----- Listed records -----
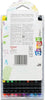 Maped 749151 Graph'Peps Fine Tipped 0.4 mm Fine Line Triangular Felt Pens, 20 Assorted Vibrant Colors
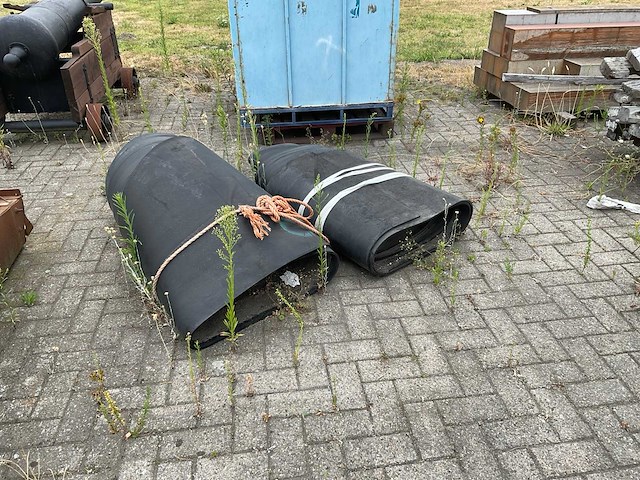 Rubberen rol (2x) - afbeelding 2 van  5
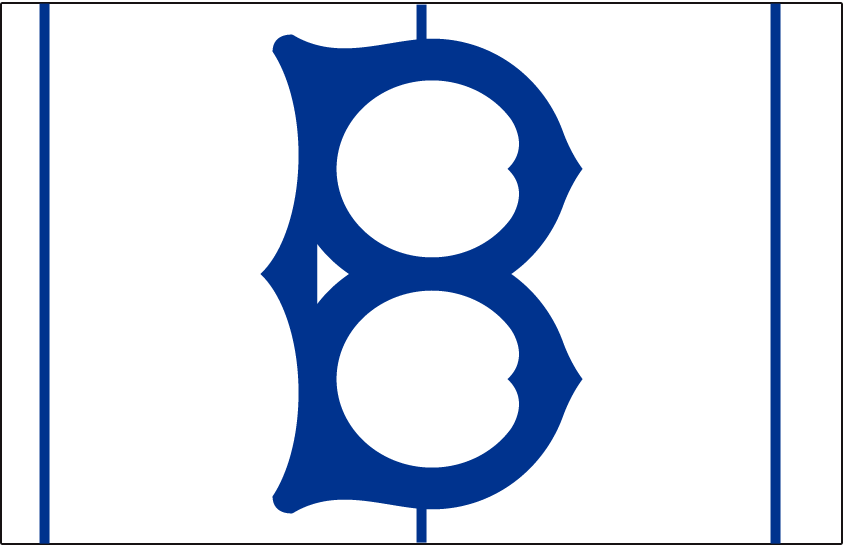Brooklyn Dodgers Cap Logo - National League (NL) - Chris Creamer's ...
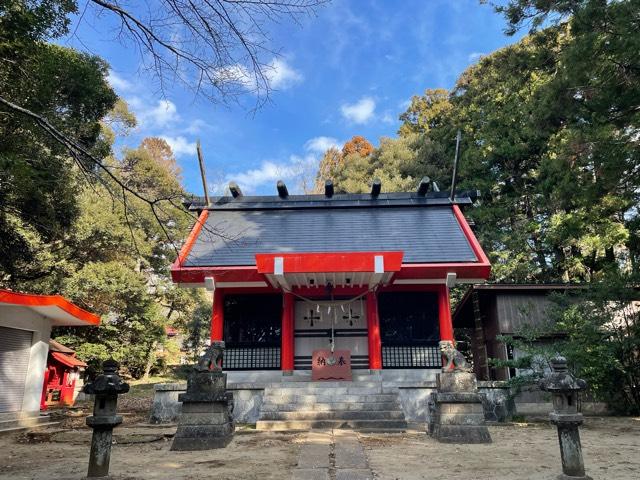 荻作神社の参拝記録1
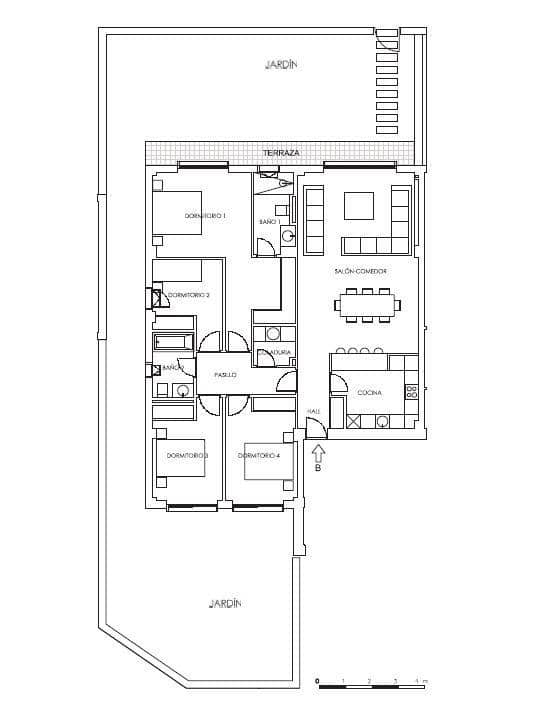 4 soveværelse Lejlighed til salg i Santa Ponsa med swimmingpool - € 1.085.000 (Ref: 9934244)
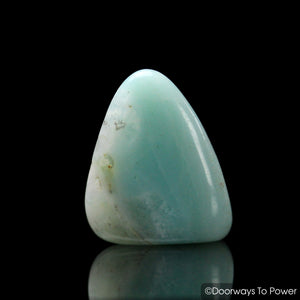 Azumar Crystal Tumbled & Polished 'Flow of Ecstasy' Samadhi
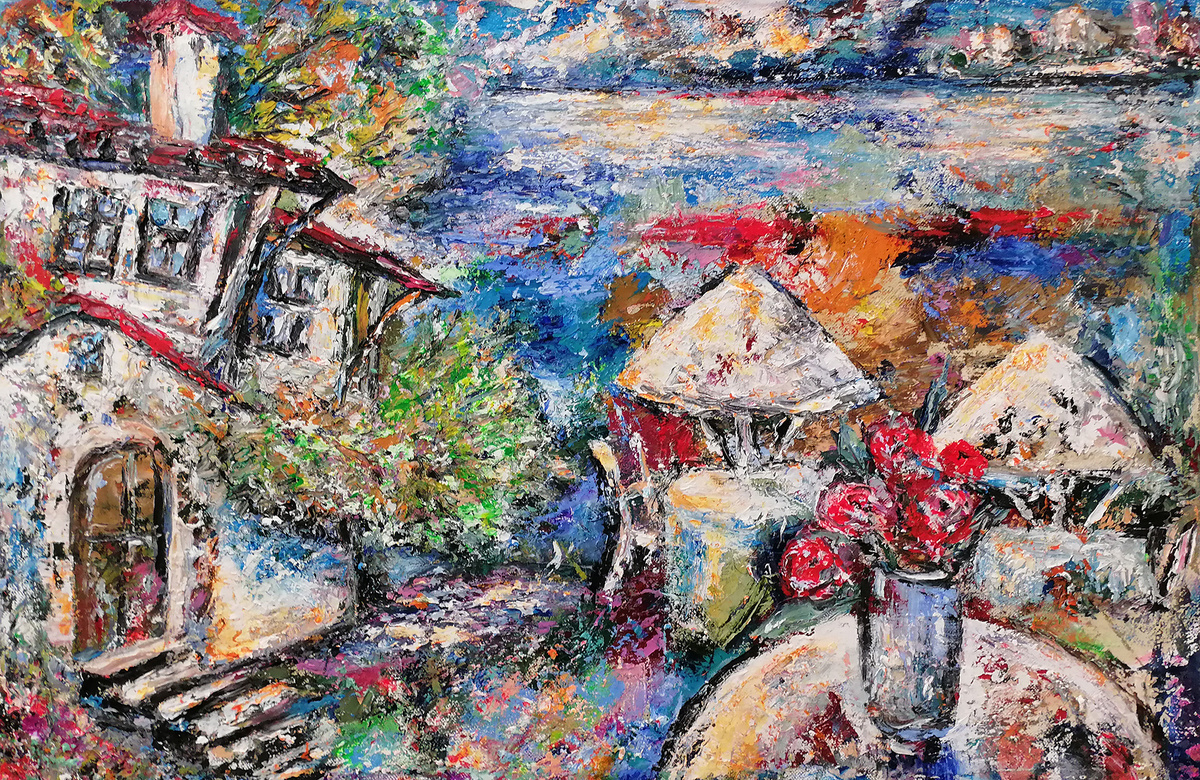 Сергей Лучко. БАЛКАНСКИЕ ЗОНТИКИ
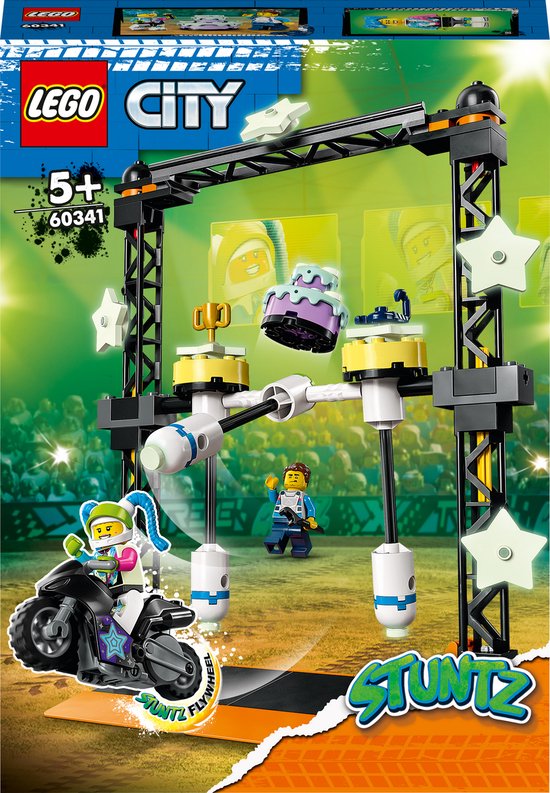 LEGO 60341 DE VERPLETTERENDE STUNTUITDAGING LE DÉFI DE CAS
-----
== What is required ==
Retype the whole listing word for word. Skip the pictures.

== Written response ==
 Maped 749151 Graph'Peps Fine Tipped 0.4 mm Fine Line Triangular Felt Pens, 20 Assorted Vibrant Colors
 Rubberen rol (2x) - afbeelding 2 van  5
Brooklyn Dodgers Cap Logo - National League (NL) - Chris Creamer's ...
 荻作神社の参拝記録1
 4 soveværelse Lejlighed til salg i Santa Ponsa med swimmingpool - € 1.085.000 (Ref: 9934244)
 Azumar Crystal Tumbled & Polished 'Flow of Ecstasy' Samadhi
 Сергей Лучко. БАЛКАНСКИЕ ЗОНТИКИ
 LEGO 60341 DE VERPLETTERENDE STUNTUITDAGING LE DÉFI DE CAS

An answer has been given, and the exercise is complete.